WORK REQUEST:
From the line with "Paquete de 3" to the line with "Miss Chase Women", retype each line exactly as it stands in the records below, but skip the pictures.

DATA SUPPLIED:

★ ★ ★

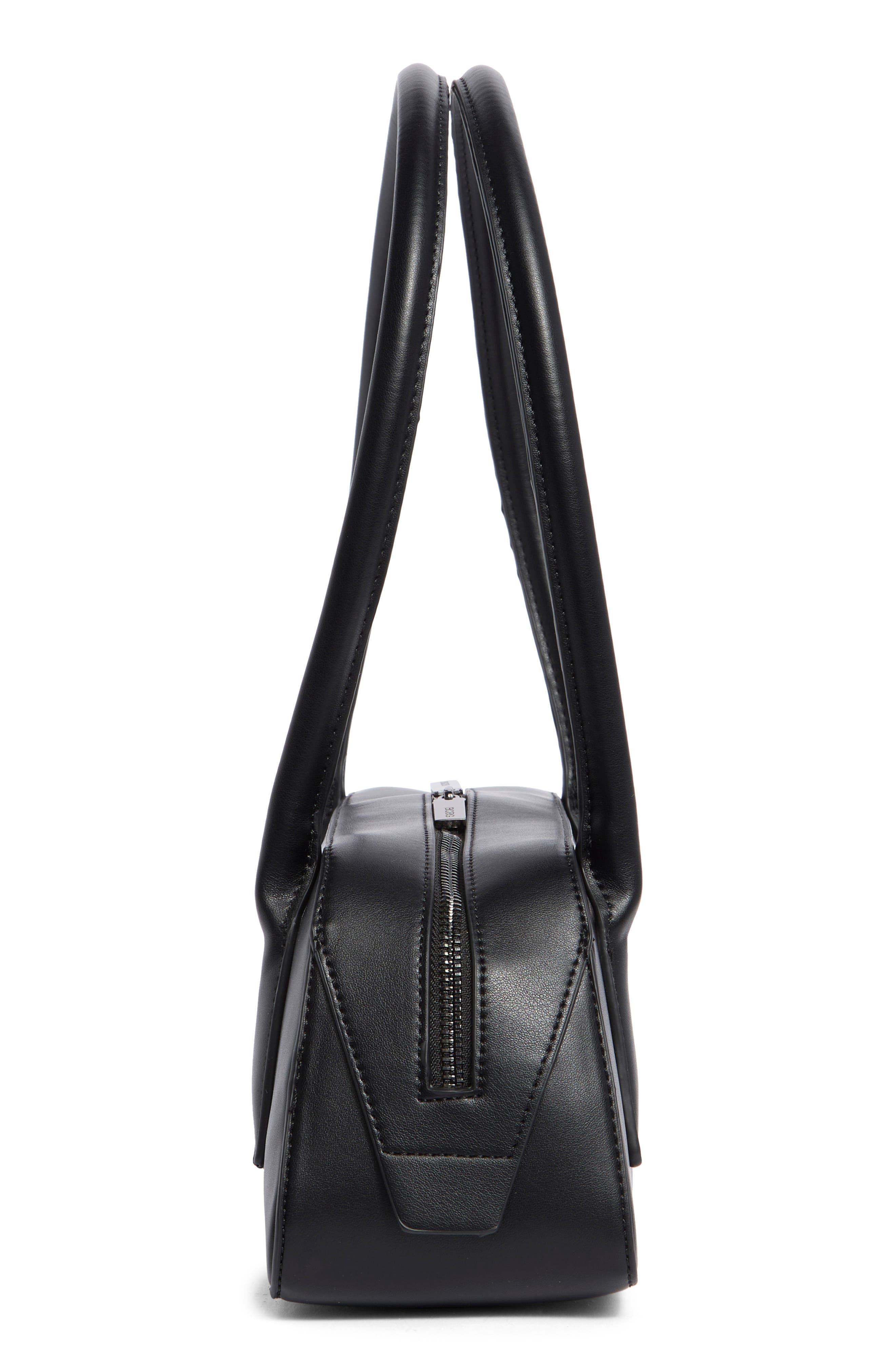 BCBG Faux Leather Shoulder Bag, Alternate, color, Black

★ ★ ★

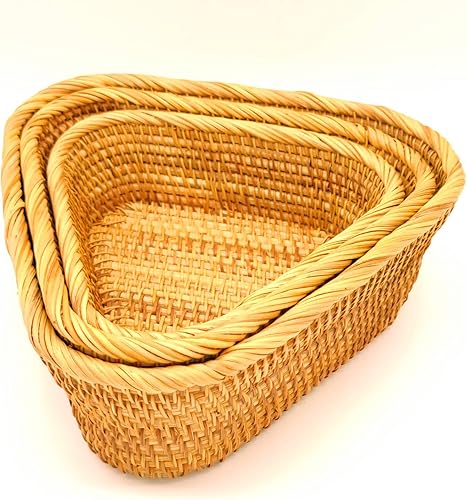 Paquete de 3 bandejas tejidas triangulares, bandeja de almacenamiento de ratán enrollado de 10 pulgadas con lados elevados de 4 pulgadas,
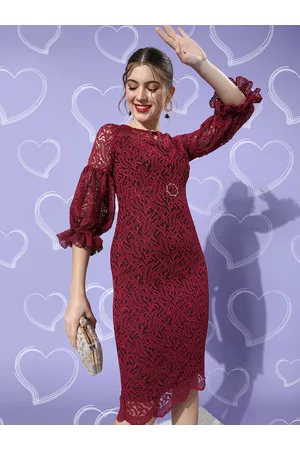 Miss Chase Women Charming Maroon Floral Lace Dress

★ ★ ★

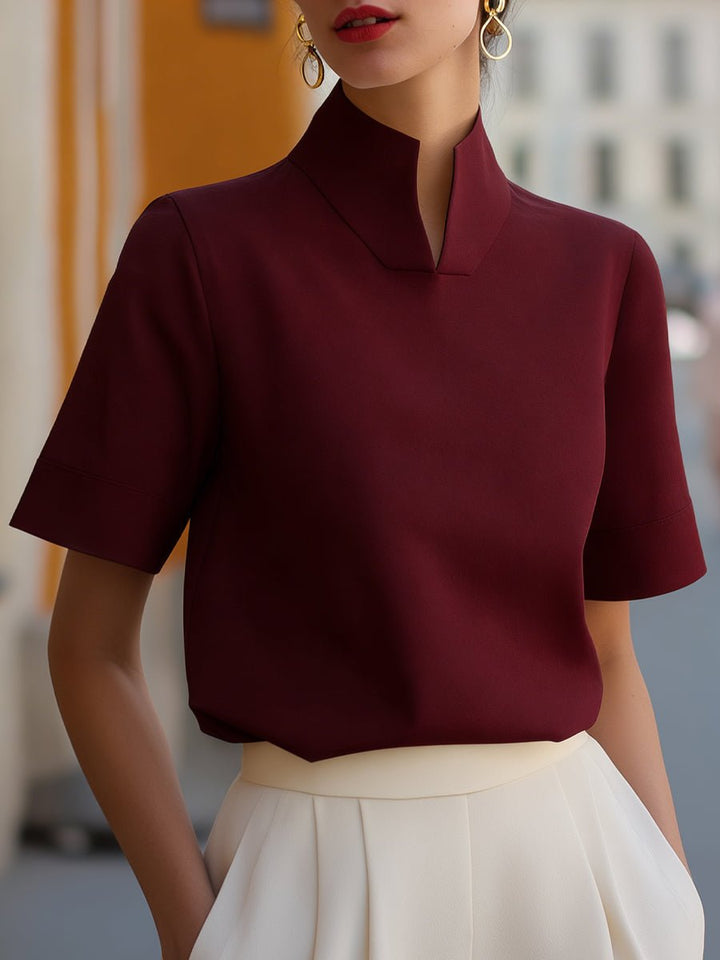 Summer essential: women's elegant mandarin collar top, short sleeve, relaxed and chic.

★ ★ ★

REPLY TO THE TASK:
 Paquete de 3 bandejas tejidas triangulares, bandeja de almacenamiento de ratán enrollado de 10 pulgadas con lados elevados de 4 pulgadas,
 Miss Chase Women Charming Maroon Floral Lace Dress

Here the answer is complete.